[Data — start]

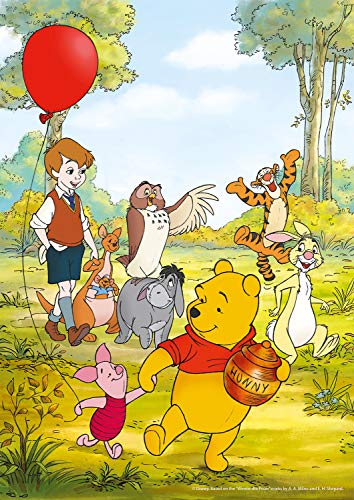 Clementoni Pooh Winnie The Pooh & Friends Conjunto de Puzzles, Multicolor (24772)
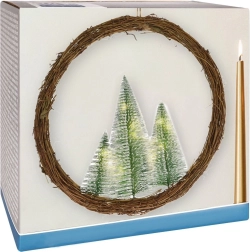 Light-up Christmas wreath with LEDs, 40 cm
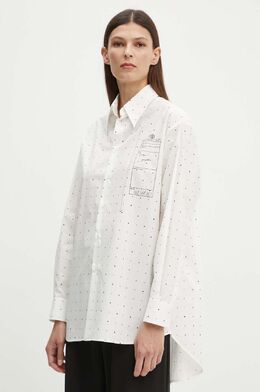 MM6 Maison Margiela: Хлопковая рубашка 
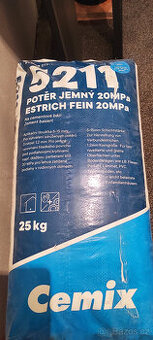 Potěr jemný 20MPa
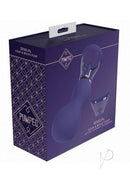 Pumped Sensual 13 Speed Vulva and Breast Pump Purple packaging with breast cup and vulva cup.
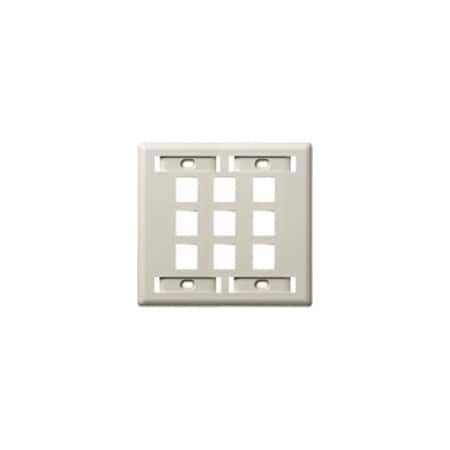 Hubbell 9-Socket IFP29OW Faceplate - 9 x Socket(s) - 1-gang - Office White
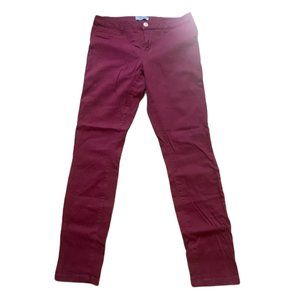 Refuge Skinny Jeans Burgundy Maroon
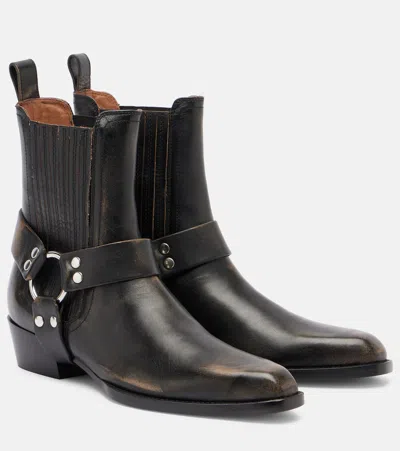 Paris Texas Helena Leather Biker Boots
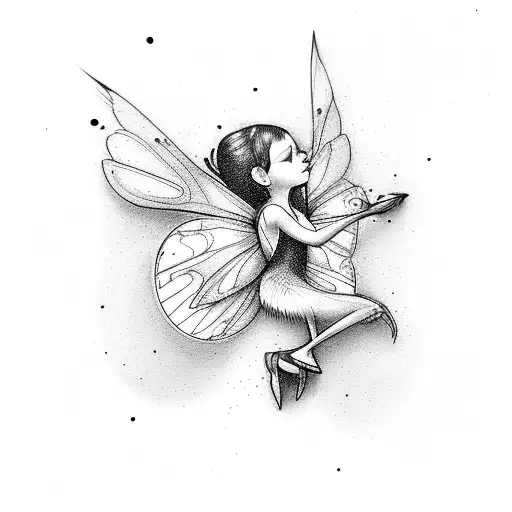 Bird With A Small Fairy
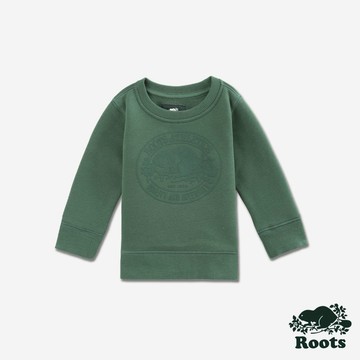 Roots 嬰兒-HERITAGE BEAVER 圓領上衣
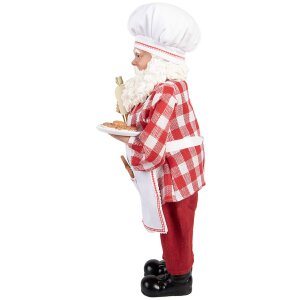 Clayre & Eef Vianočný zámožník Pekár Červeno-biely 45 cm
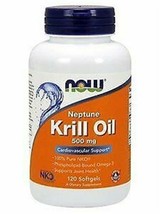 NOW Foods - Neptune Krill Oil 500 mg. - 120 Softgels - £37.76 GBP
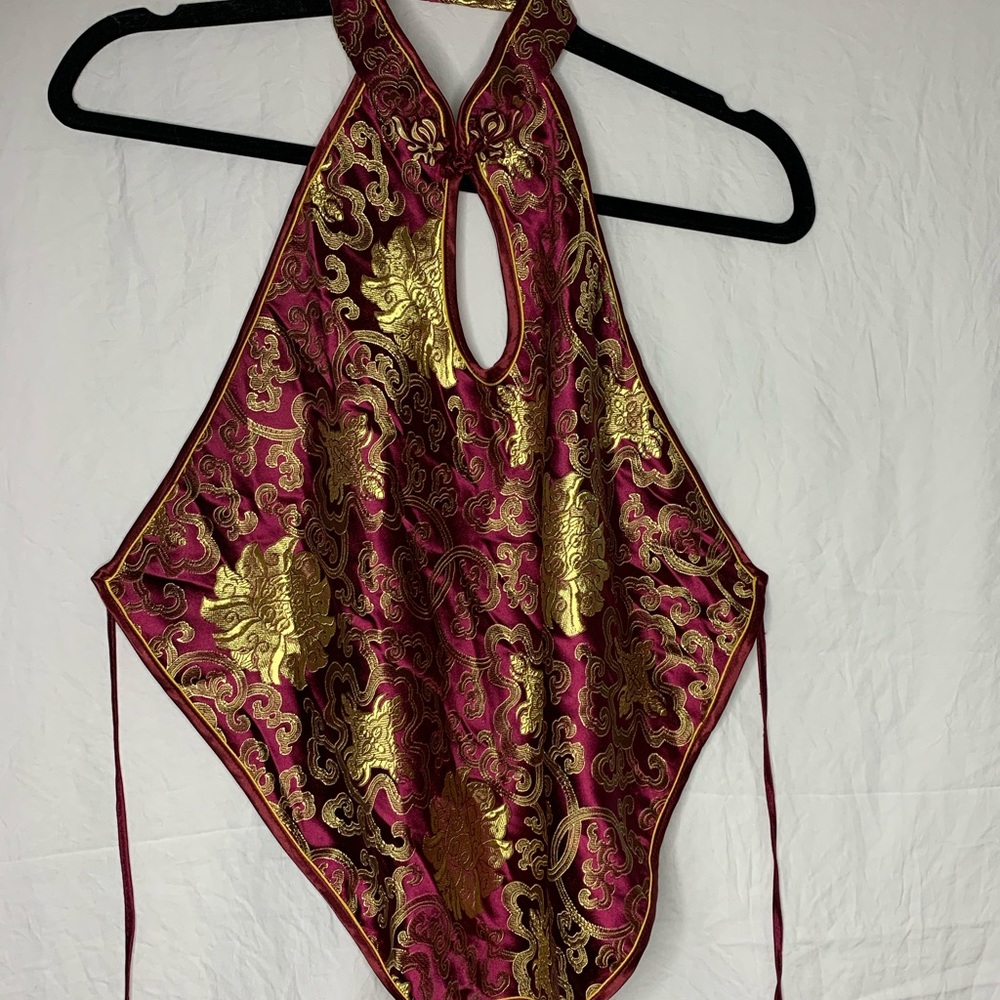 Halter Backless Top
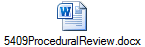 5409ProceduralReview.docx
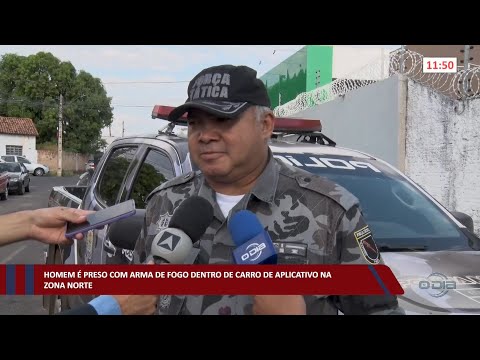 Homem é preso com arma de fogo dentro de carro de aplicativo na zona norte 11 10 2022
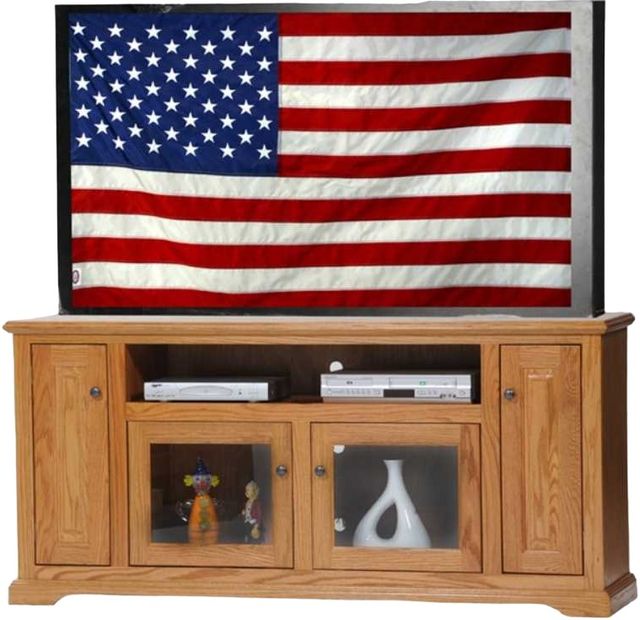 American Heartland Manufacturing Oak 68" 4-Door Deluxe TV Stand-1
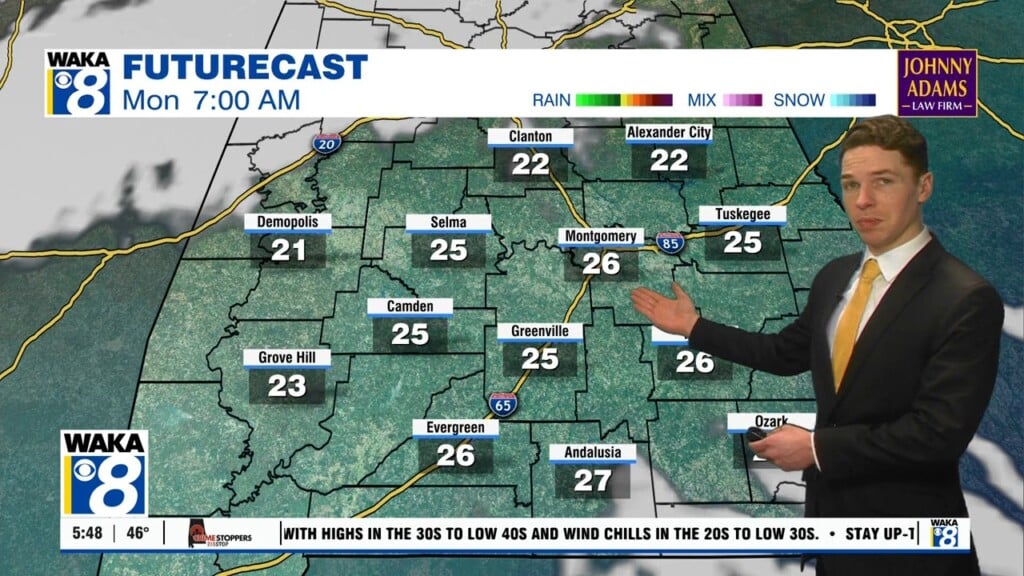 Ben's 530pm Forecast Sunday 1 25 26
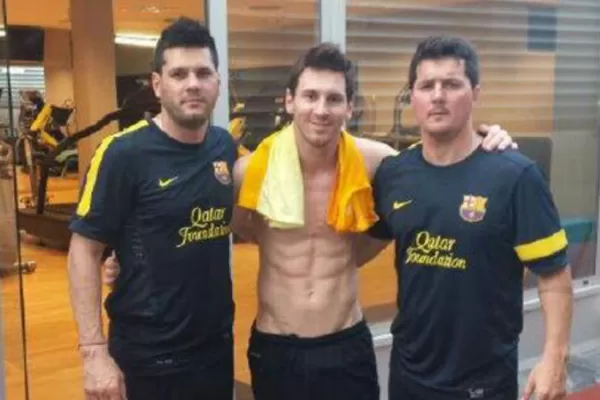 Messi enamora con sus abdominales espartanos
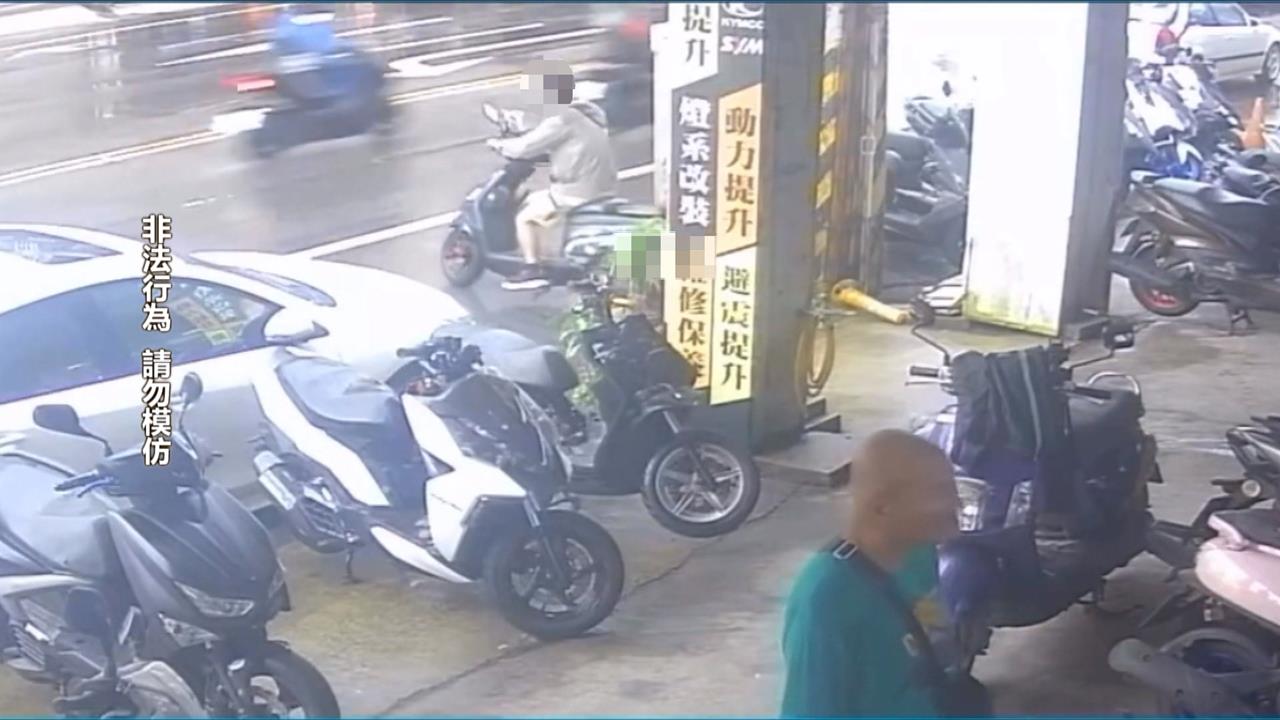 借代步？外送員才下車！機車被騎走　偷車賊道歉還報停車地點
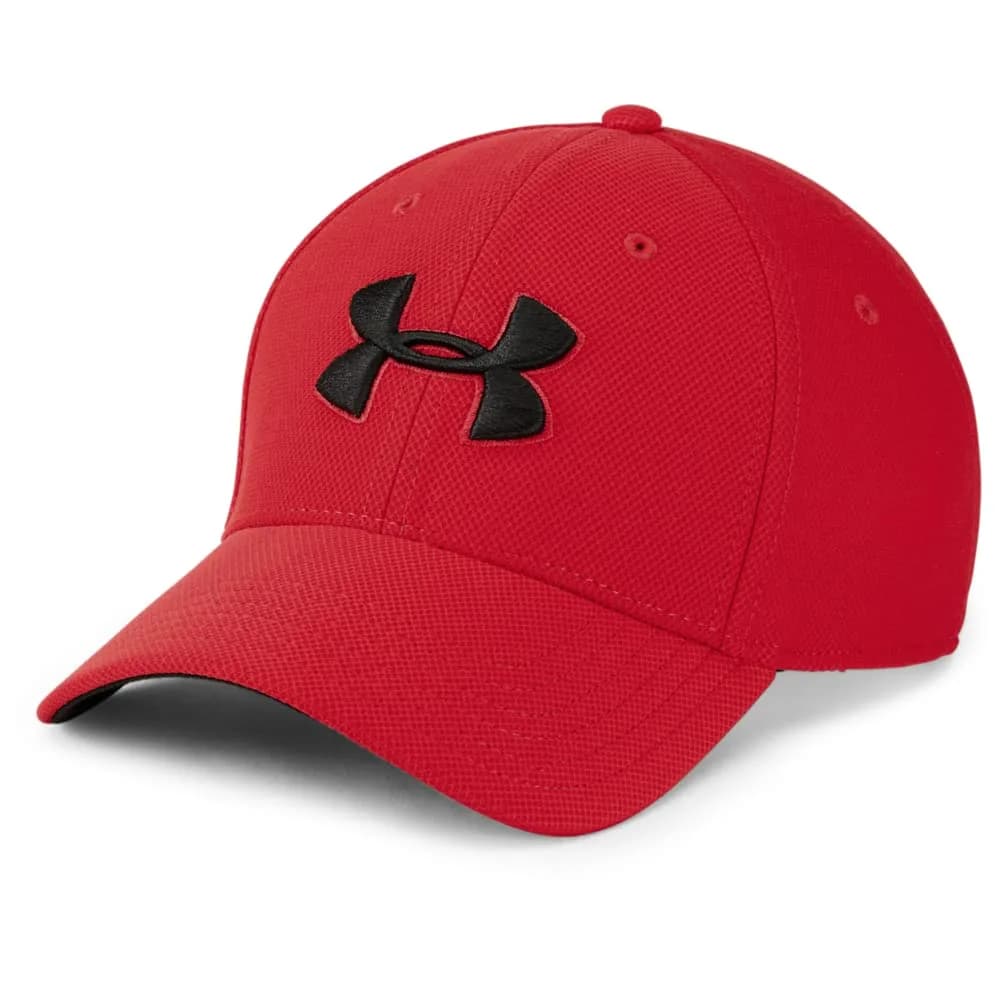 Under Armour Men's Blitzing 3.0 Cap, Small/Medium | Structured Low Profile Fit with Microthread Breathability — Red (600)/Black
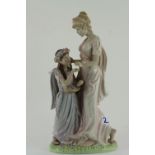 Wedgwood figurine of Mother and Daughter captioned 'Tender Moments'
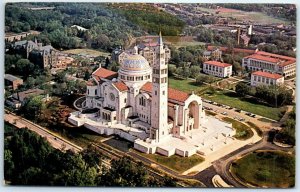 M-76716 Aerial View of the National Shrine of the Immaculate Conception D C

[Data — finish]

The output is the lines from the start of the data above through the line containing "Ben's 530pm Forecast Sunday 1 25 26", unchanged, with any picture left out.

* Task solution
 Clementoni Pooh Winnie The Pooh & Friends Conjunto de Puzzles, Multicolor (24772)
 Light-up Christmas wreath with LEDs, 40 cm
 MM6 Maison Margiela: Хлопковая рубашка 
 Potěr jemný 20MPa
 Pumped Sensual 13 Speed Vulva and Breast Pump Purple packaging with breast cup and vulva cup.
 Hubbell 9-Socket IFP29OW Faceplate - 9 x Socket(s) - 1-gang - Office White
 Refuge Skinny Jeans Burgundy Maroon
 Paris Texas Helena Leather Biker Boots
 Bird With A Small Fairy
 Roots 嬰兒-HERITAGE BEAVER 圓領上衣
 Clayre & Eef Vianočný zámožník Pekár Červeno-biely 45 cm
 NOW Foods - Neptune Krill Oil 500 mg. - 120 Softgels - £37.76 GBP
 Halter Backless Top
 5409ProceduralReview.docx
 Homem é preso com arma de fogo dentro de carro de aplicativo na zona norte 11 10 2022
 American Heartland Manufacturing Oak 68" 4-Door Deluxe TV Stand-1
 Ben's 530pm Forecast Sunday 1 25 26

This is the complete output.